README: update usage to load via subfolder=ckpt-60000

48019a4 verified 4 days ago

3.98 kB

	---
	license: mit
	library_name: transformers
	tags:
	- robotics
	- vla
	- behavior-1k
	- x-vla
	- pick-up
	base_model: 2toINF/X-VLA-Pt
	---

	# X-VLA v20 — Pick-Up Specialist on BEHAVIOR-1K Tasks 0, 1, 6

	Fine-tune of [`2toINF/X-VLA-Pt`](https://huggingface.co/2toINF/X-VLA-Pt) on three BEHAVIOR-1K tasks, with training data filtered to only the pick-up sub-skill segments.
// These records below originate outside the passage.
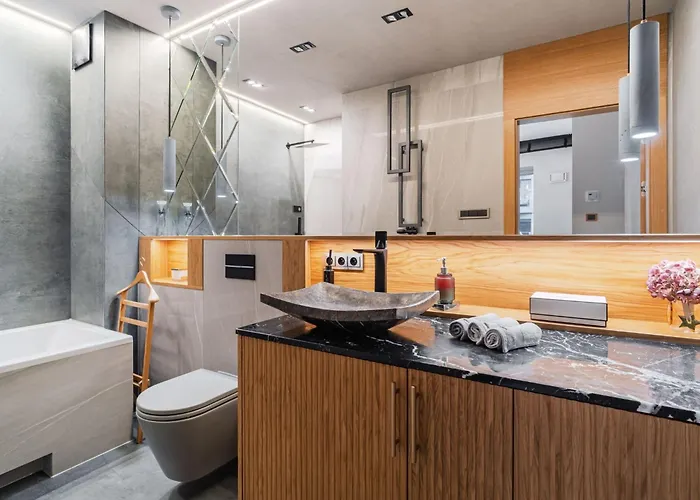 Apartment Yacht Park Mit Panoramablick Auf Den Yachthafen In Gdynia- Polen By Interhome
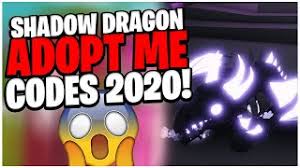 Adopt me codes can be redeemed in roblox & allow you to recover various amounts of bucks. Roblox Adopt Me Shadow Dragon Ebay Roblox Promo Codes List Free Dubai Khalifa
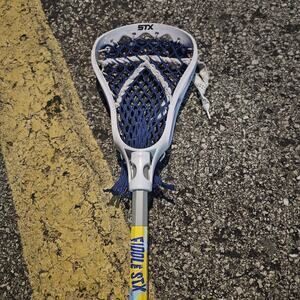 STX Lacrosse Fiddle Stick FiddleSTX Mini Stick 31.5"
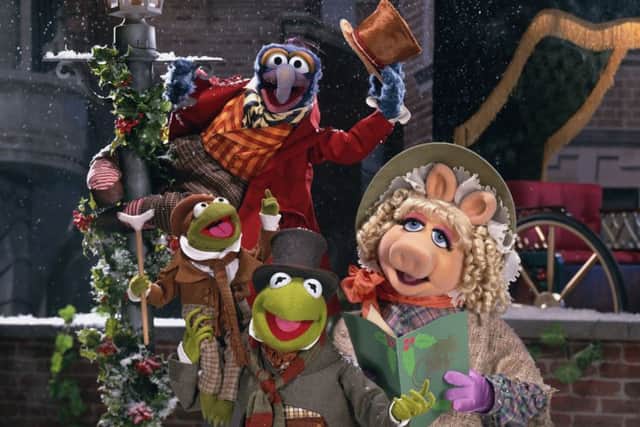 The Muppet Christmas Carol (Channel 4, Christmas Eve)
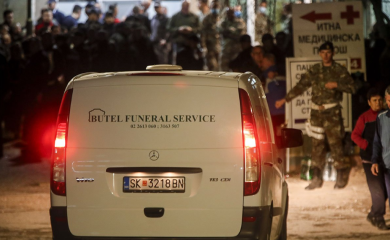 Hospitalizovano šest novih pacijenata iz diskoteke u Kočanima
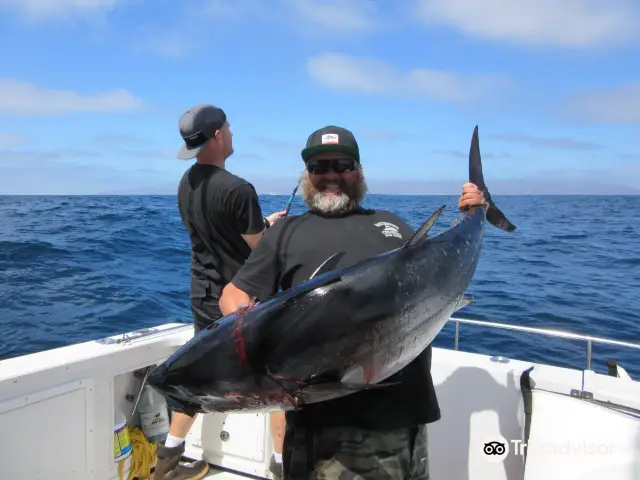 Sea Angling in Santiago De Composte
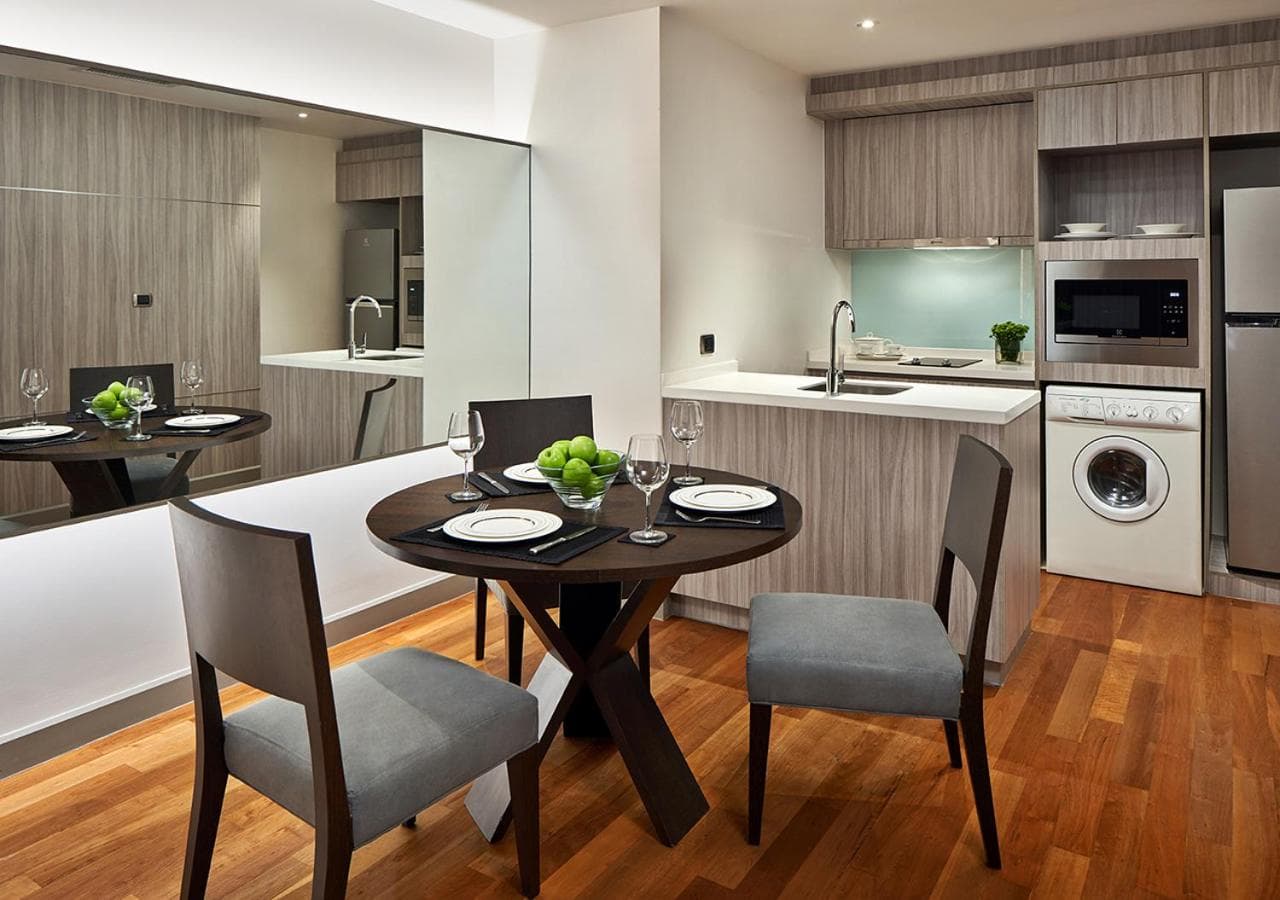 Fraser Suites Sukhumvit Bangkok — 24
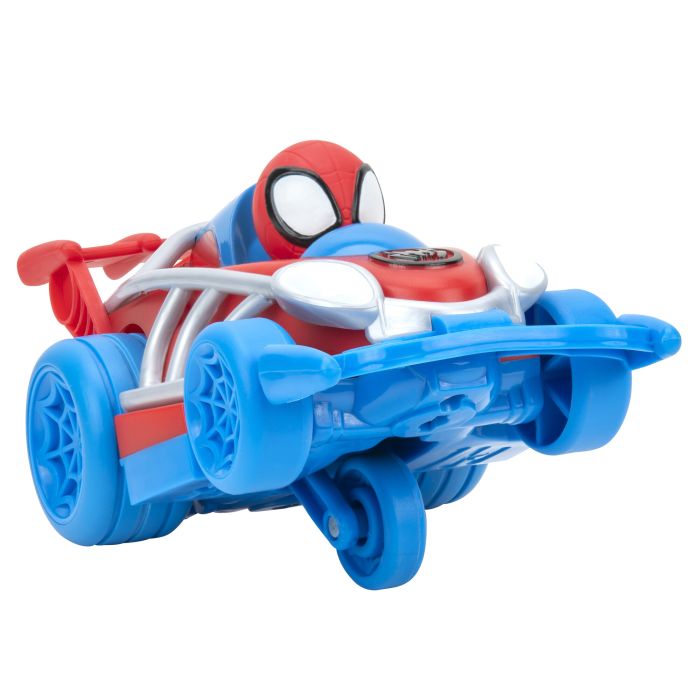 Машинка інерційна Spidey Pull Back Vehicle Спайді (Spidey)
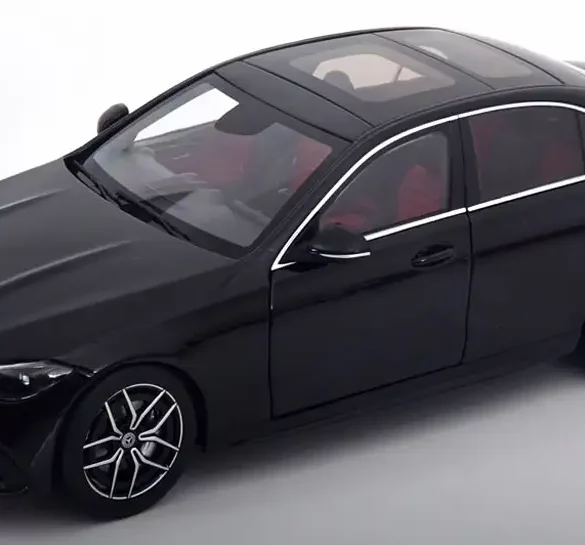 118 NZG Mercedes Benz C Klasse W206 (2021)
Uses the v20 architecture from [markli1hoshipu/behavior1k-xvla @ v20](https://github.com/markli1hoshipu/behavior1k-xvla/tree/v20).

	## What this model is

	A pick-up specialist. Trained on the official [`behavior-1k/2025-challenge-demos`](https://huggingface.co/datasets/behavior-1k/2025-challenge-demos) data for tasks:

	\| Task \| Description \| Allowed skills during training \|
	\|---\|---\|---\|
	\| 0 \| Turn on the radio receiver \| `pick up from`, `press` \|
	\| 1 \| Put soda cans in the trash can \| `pick up from` \|
	\| 6 \| Take Easter eggs out of the wicker basket \| `pick up from` \|

	Frames whose active skill segment was NOT in the allowed list (navigation, placing, etc.) were skipped at sample time. The result is a model that learns dexterous grasping + press-on motions without spending capacity on the navigation/place phases.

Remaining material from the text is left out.